- [What to produce]: Leaving the images out, output each entry below exactly.

- [Collection entries]:
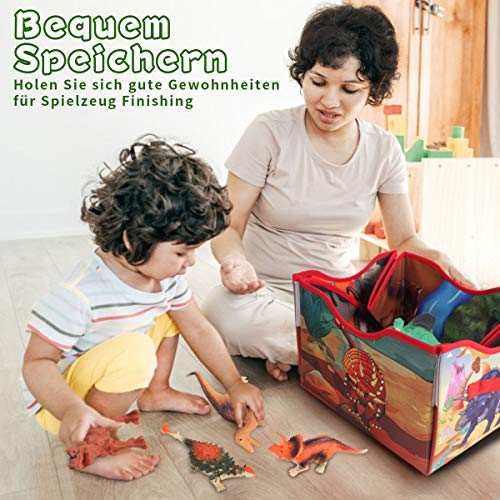 GILOBABY kid dinosaurier spielzeug mit 2 in 1 spielmatte & bäume & felsen, pädagogisches lernen dino modell spielzeug… – Bild 3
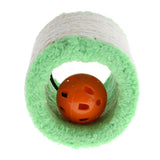 Maxbell Pet Cat Sisal Scratch Post Small Hollow Plush Scratch Roller with Bell Ball Green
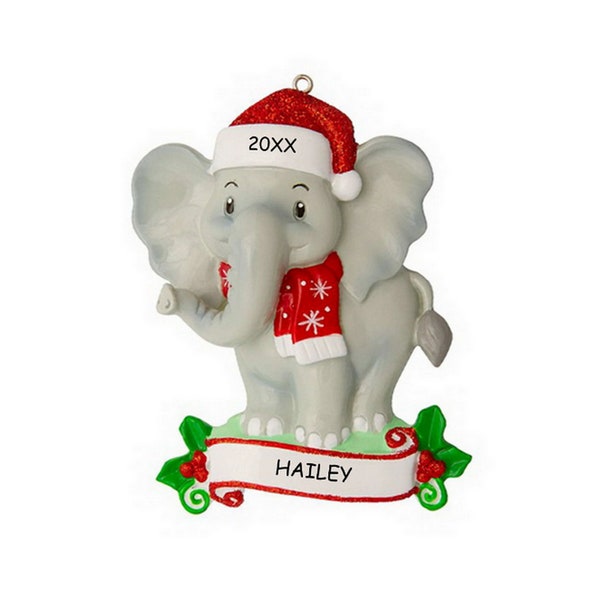 Personalized Elephant Kids Christmas Ornament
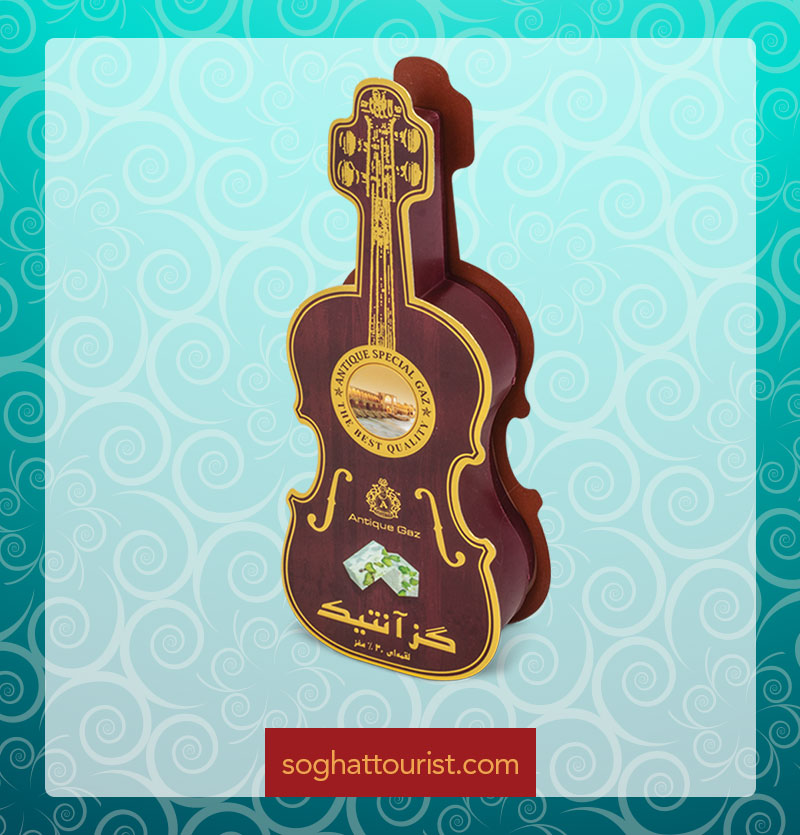 گز لقمه ای مغز پسته 30 درصد طرح ویولن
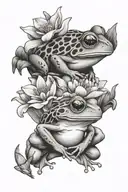 flowers frog  rabbit  tattoo design idea
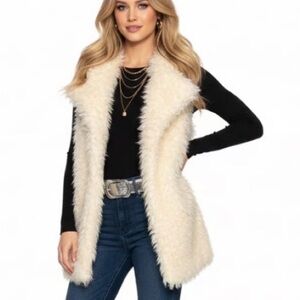 WET SEAL Vest Hooded Plush Faux Fur Open Front Lined White Vest Women’s SZ XL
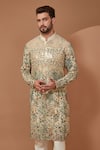 Kasbah_Ivory Georgette Embroidery Floral Flower Garden Kurta With Pant _Online_at_Aza_Fashions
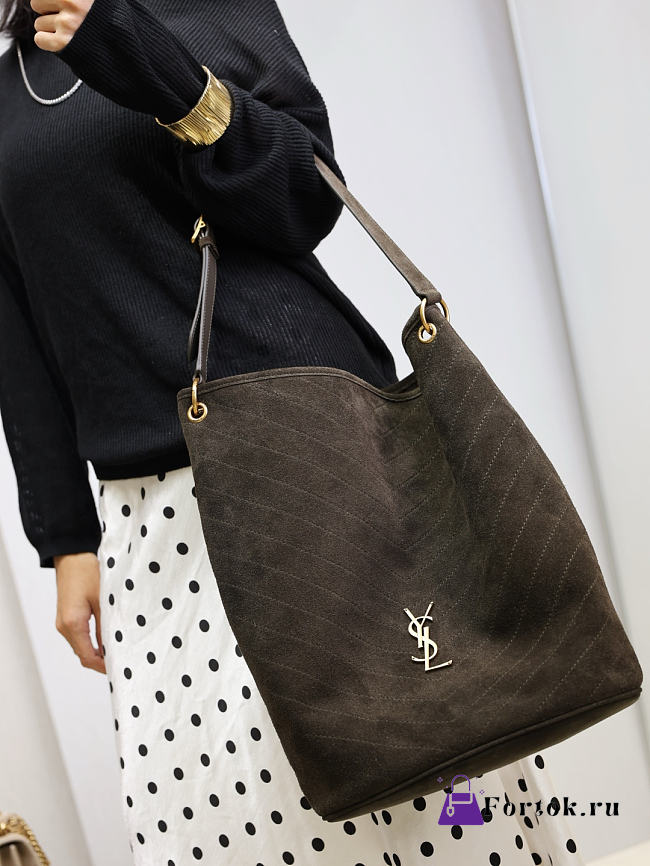 Fortok Saint Laurent Niki supple bucket bag deep mocha brown suede 33×16×40cm - 1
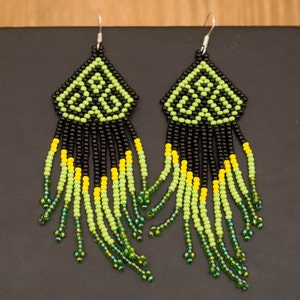 Medusa beaded earrings Traditional mexican huichol design Green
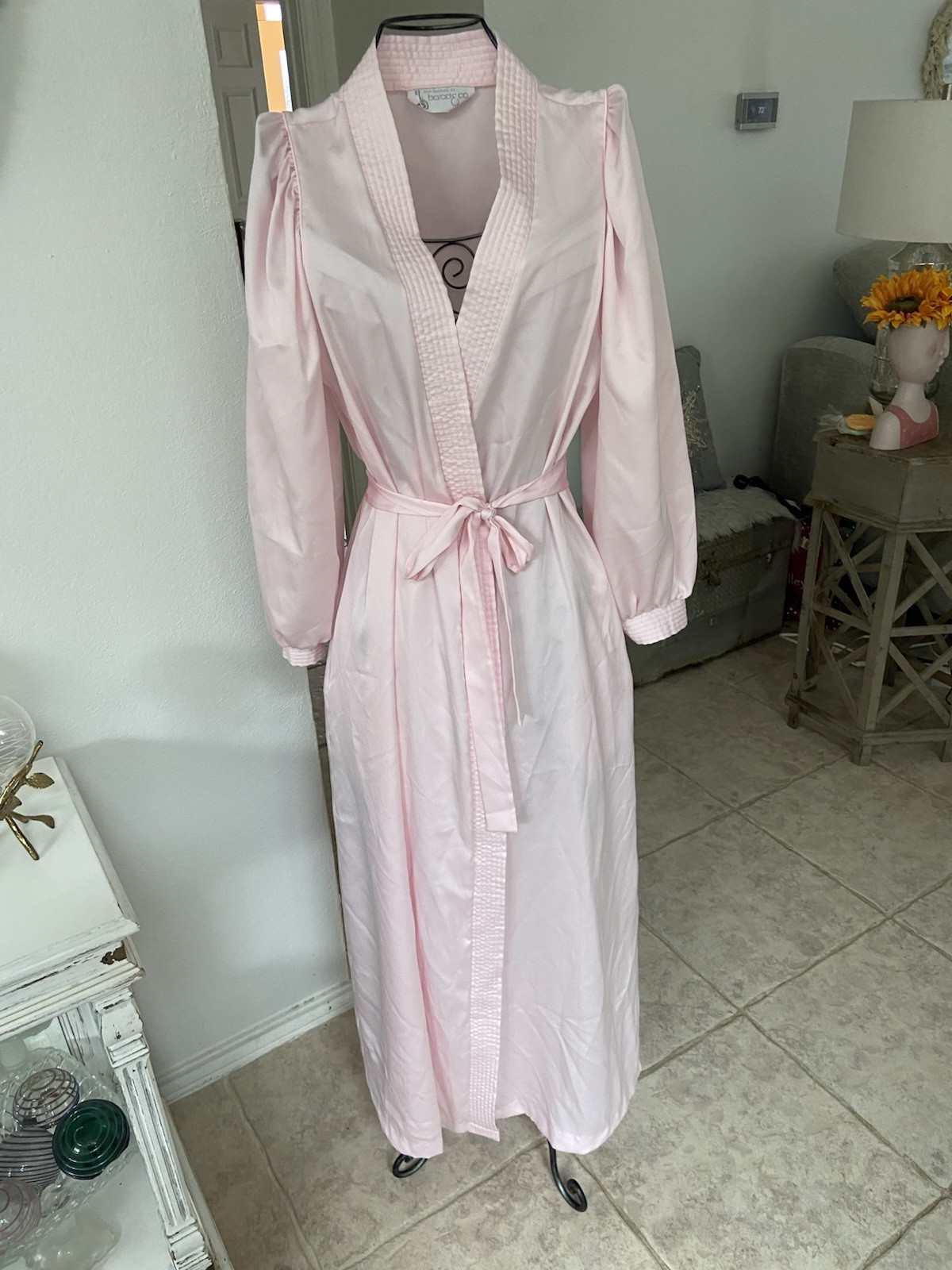 Vtg Tom bezduda for barad & co pink robe Hollywood Regency Wedding Night Sz S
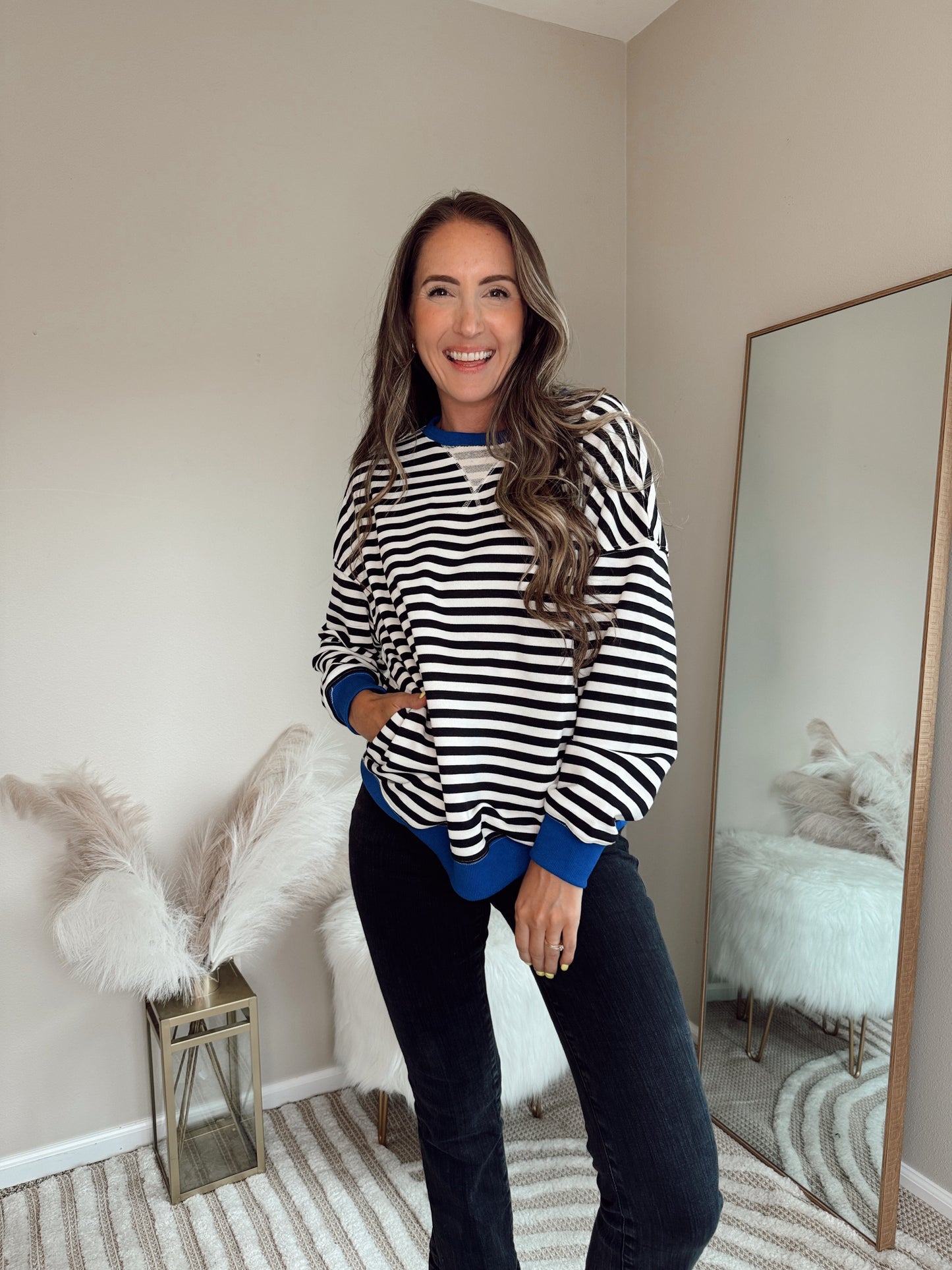 CozyCloud™ Oversized Stripe Pullover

- [Written answer]:
 GILOBABY kid dinosaurier spielzeug mit 2 in 1 spielmatte & bäume & felsen, pädagogisches lernen dino modell spielzeug… – Bild 3
 Maxbell Pet Cat Sisal Scratch Post Small Hollow Plush Scratch Roller with Bell Ball Green
 Personalized Elephant Kids Christmas Ornament
 گز لقمه ای مغز پسته 30 درصد طرح ویولن
 flowers frog  rabbit  tattoo design idea
 WET SEAL Vest Hooded Plush Faux Fur Open Front Lined White Vest Women’s SZ XL
 Kasbah_Ivory Georgette Embroidery Floral Flower Garden Kurta With Pant _Online_at_Aza_Fashions
 Fortok Saint Laurent Niki supple bucket bag deep mocha brown suede 33×16×40cm - 1
 Medusa beaded earrings Traditional mexican huichol design Green
 Vtg Tom bezduda for barad & co pink robe Hollywood Regency Wedding Night Sz S
 CozyCloud™ Oversized Stripe Pullover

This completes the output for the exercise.